With input from the Washington Post and NPR.
President Trump keeps pushing housing affordability as a headline issue — he wants mortgage rates down, fast. Trouble is, his nominee for Fed chair, Kevin Warsh, has spent years blasting the Fed’s massive $6.6 trillion portfolio of Treasuries and mortgage-backed securities as a market-distorting mess. If Warsh follows through and pressures the Fed to shrink that balance sheet, it could raise long-term borrowing costs — including mortgage rates — right when the White House wants them lower.

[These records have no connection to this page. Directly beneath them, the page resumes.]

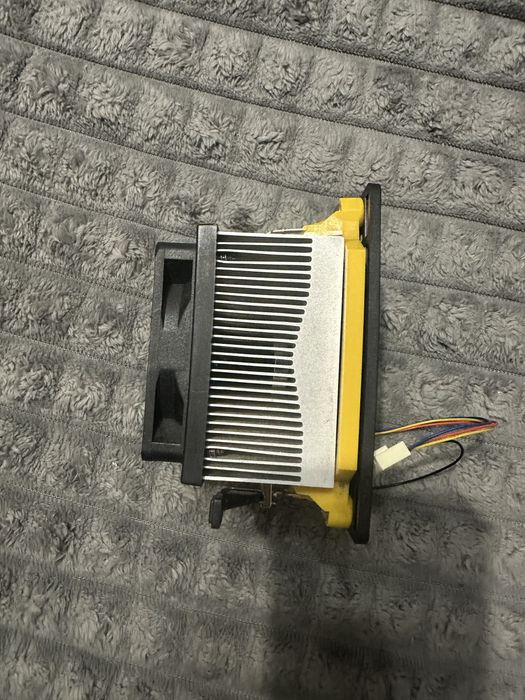 Радіатор алюмінієвий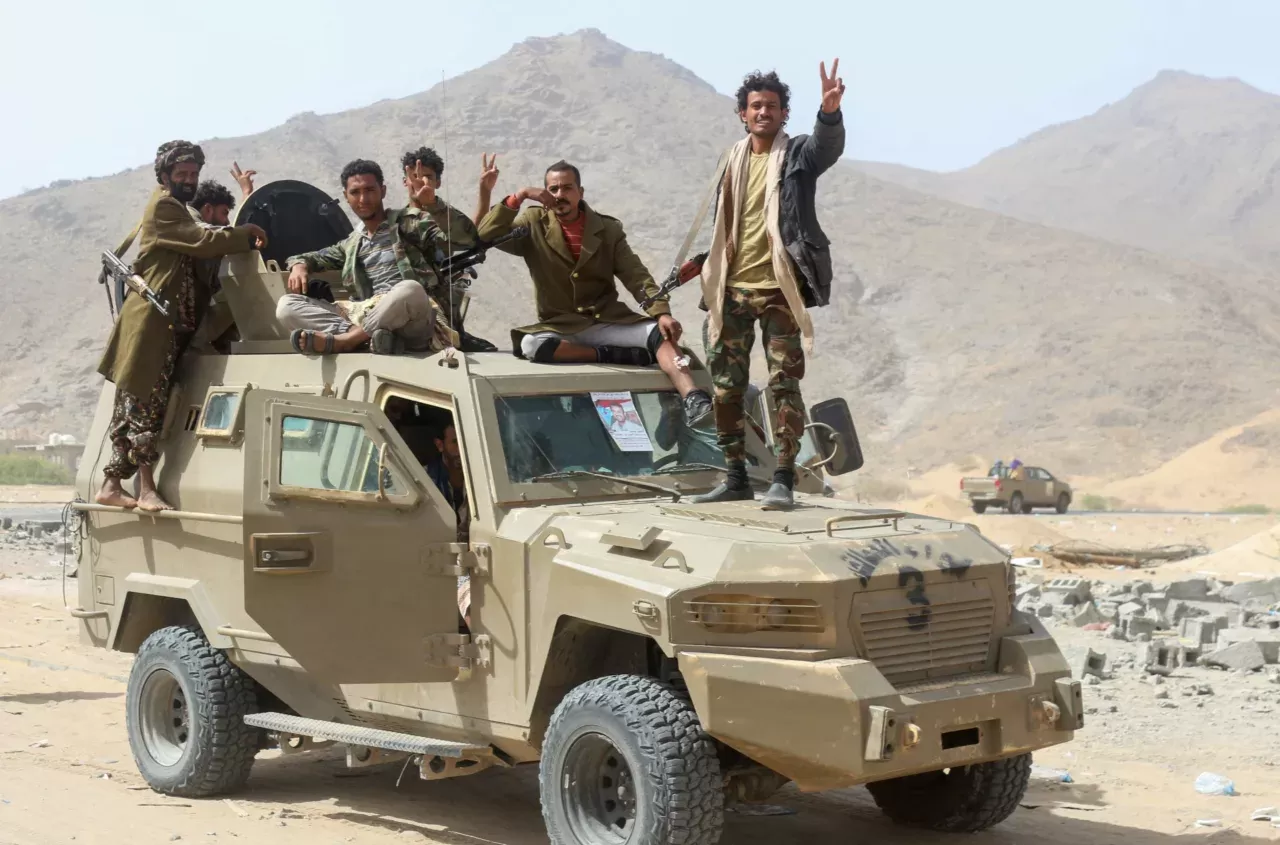 تصعيد في اليمن: بيان مشترك حاد يرفض قرارات العليمي ويؤكد بطلانها القانوني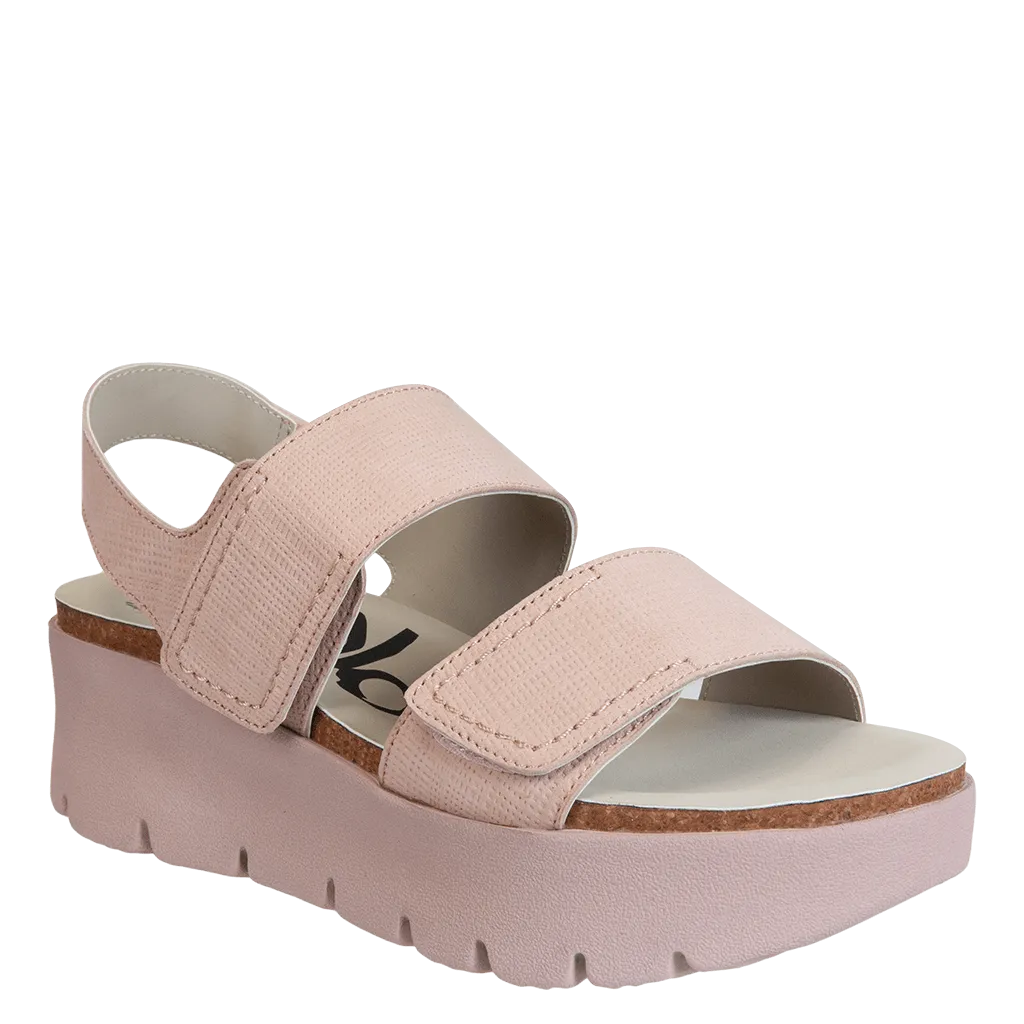 MONTANE in ROSETTE Platform Sandals flexible foot
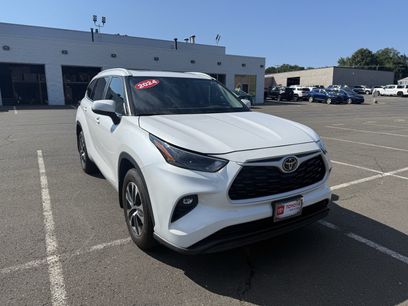 Used 2024 Toyota Highlander XLE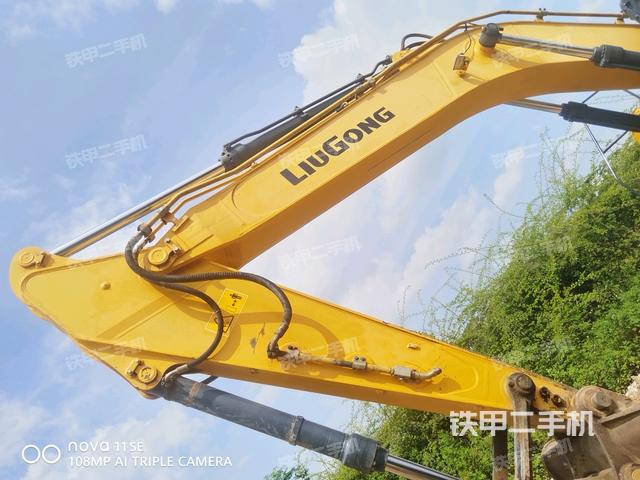 大臂整體?右側(cè)（工作和回轉(zhuǎn)裝置）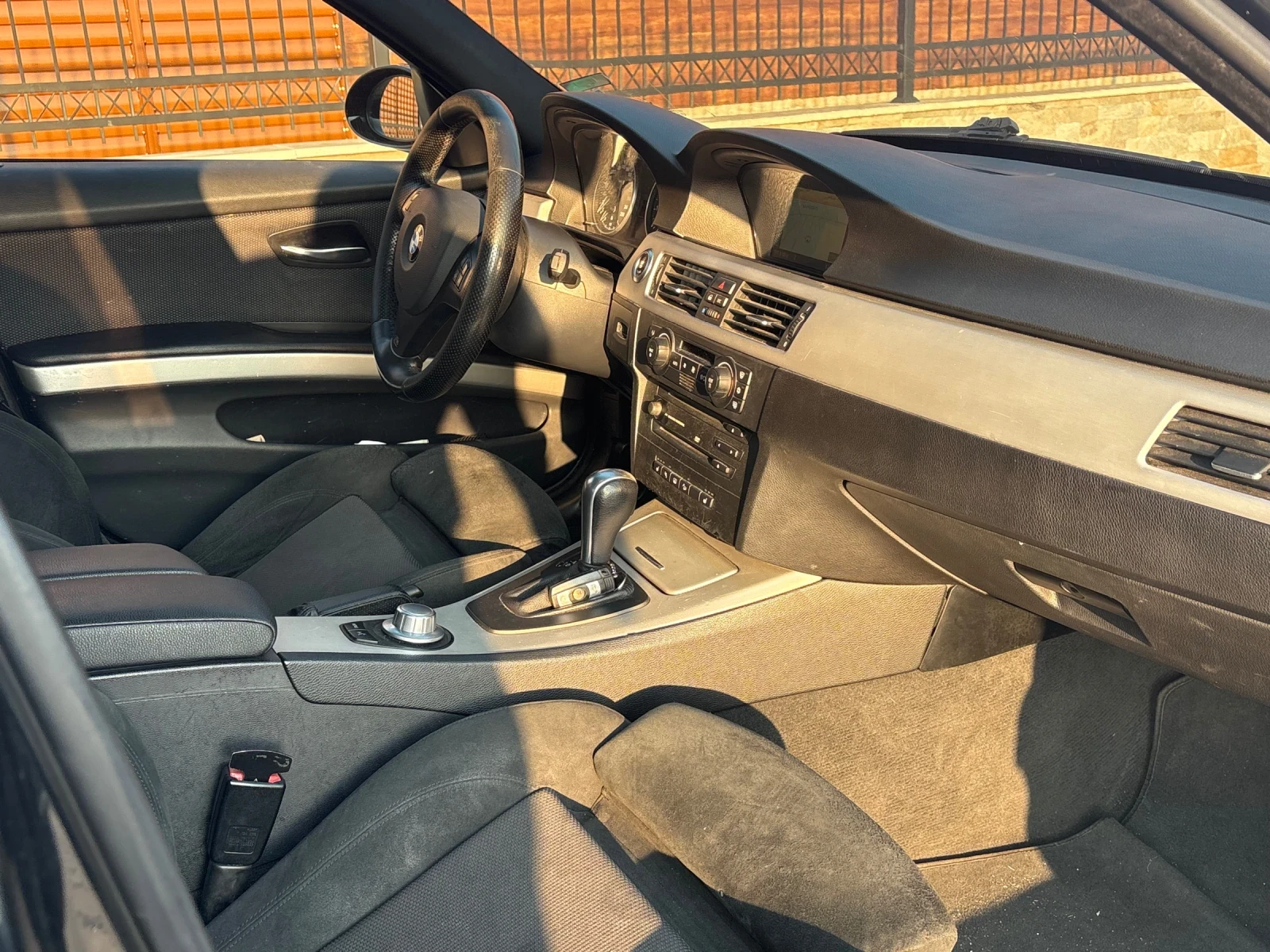 BMW 330 xDrive/keyless/m-tech, снимка 15 - Автомобили и джипове - 53747982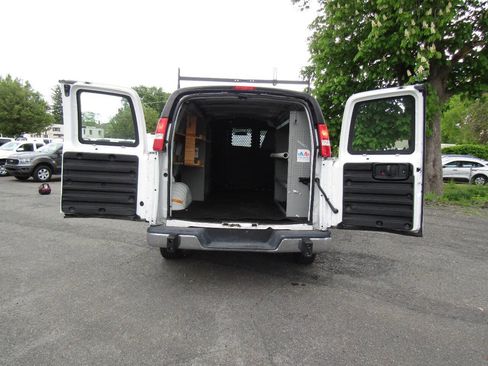 Used 2020 Chevrolet Express 2500 w/ Driver Convenience Package RWD image 19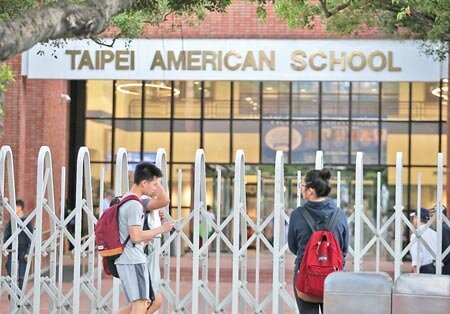 美國學校13日暫停上課1天，據了解是因學生社團群組有人貼出要「開槍掃射學校」言論，校方立即停課並報案。圖為下課時分，學生結伴離開校區，非新聞當事人。（本報資料照片）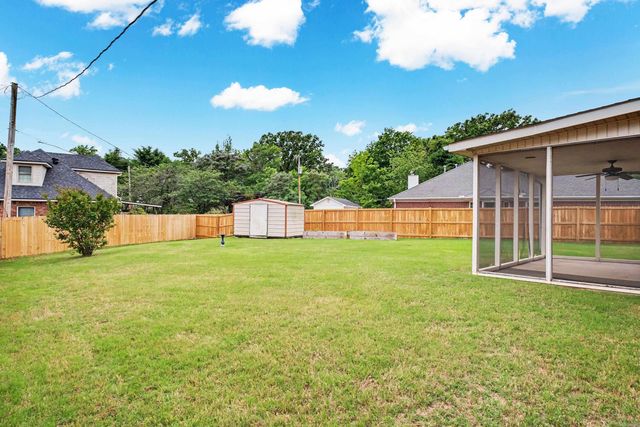 4013 Lakewood Valley Drive, North Little Rock, AR 72116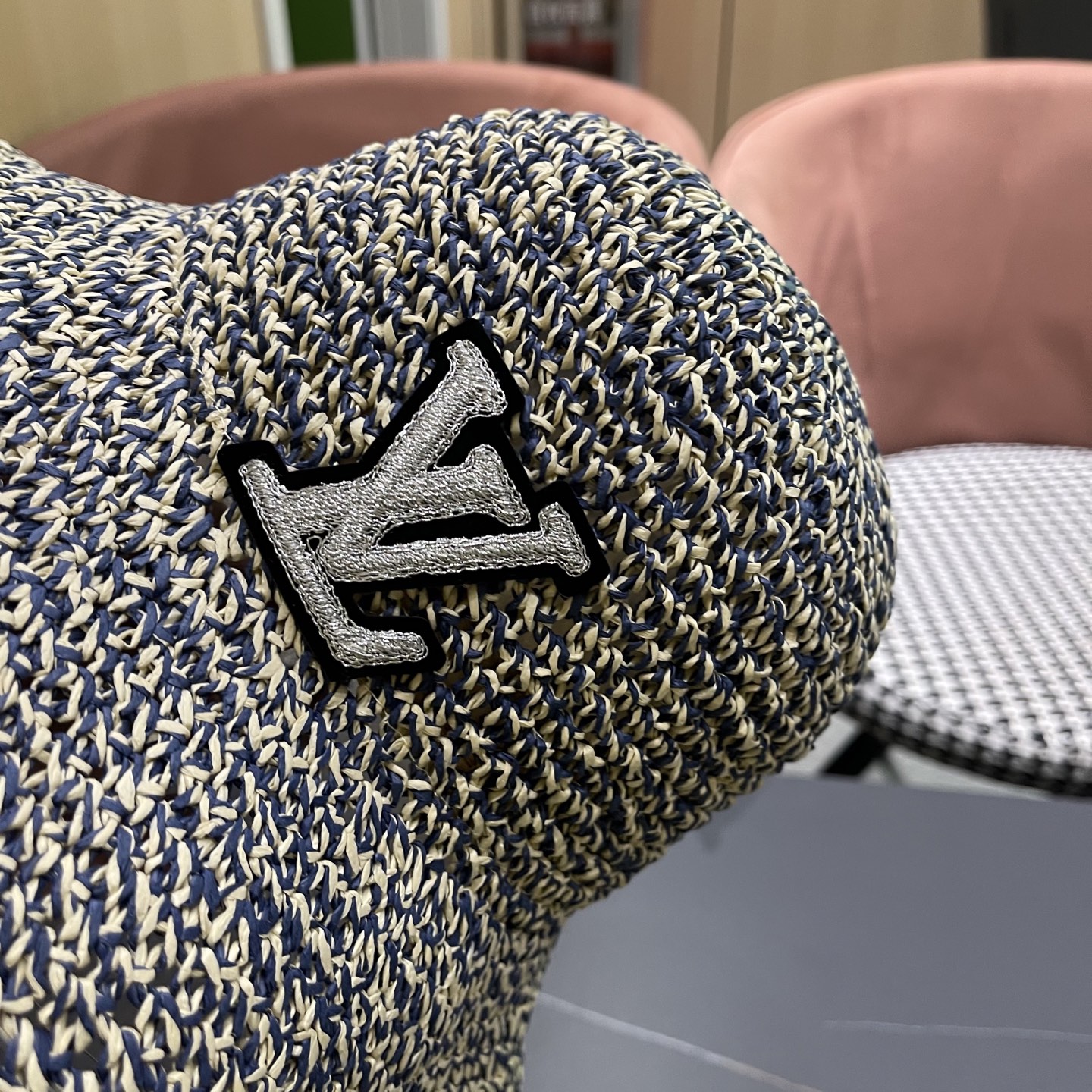  LV路易威登进口拉菲草盆帽简约不失庄重 低调奢华  极具造型感 ！ 渔夫帽款式设计 ，真心好看也百搭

Warsh isn’t shy about calling for a smaller Fed footprint. The logic is straightforward: big central-bank holdings of long-term bonds helped push yields down after the financial crisis. Pull that support back and yields can move higher. For the average house hunter, that means pricier mortgages, not cheaper ones.
This creates a neat political irony. Trump is campaigning on making housing more affordable; Warsh’s playbook — aimed at reining in what he sees as an overactive Fed — could end up doing the opposite. It’s a tension between short-term political goals and longer-term monetary orthodoxy: presidents want low rates; many Fed veterans want policy that won’t stoke inflation or warp markets.
Why would Warsh get any traction? Because the Fed chair isn’t just “one vote” on a committee. The chair controls the agenda, shapes staff analysis, runs the communications machine and, critically, speaks for the central bank. That soft power — the ability to persuade colleagues and markets — means a chair who wants a downsized balance sheet can nudge policy even if they can’t literally command votes with a snap of the fingers.
Bottom line: nominating someone who’s publicly skeptical of the Fed’s bond holdings sends a signal the central bank could be headed for normalization that’s faster or deeper than markets expect. For homeowners and prospective buyers, that would likely translate into higher mortgage rates — an awkward outcome for an administration promising the opposite.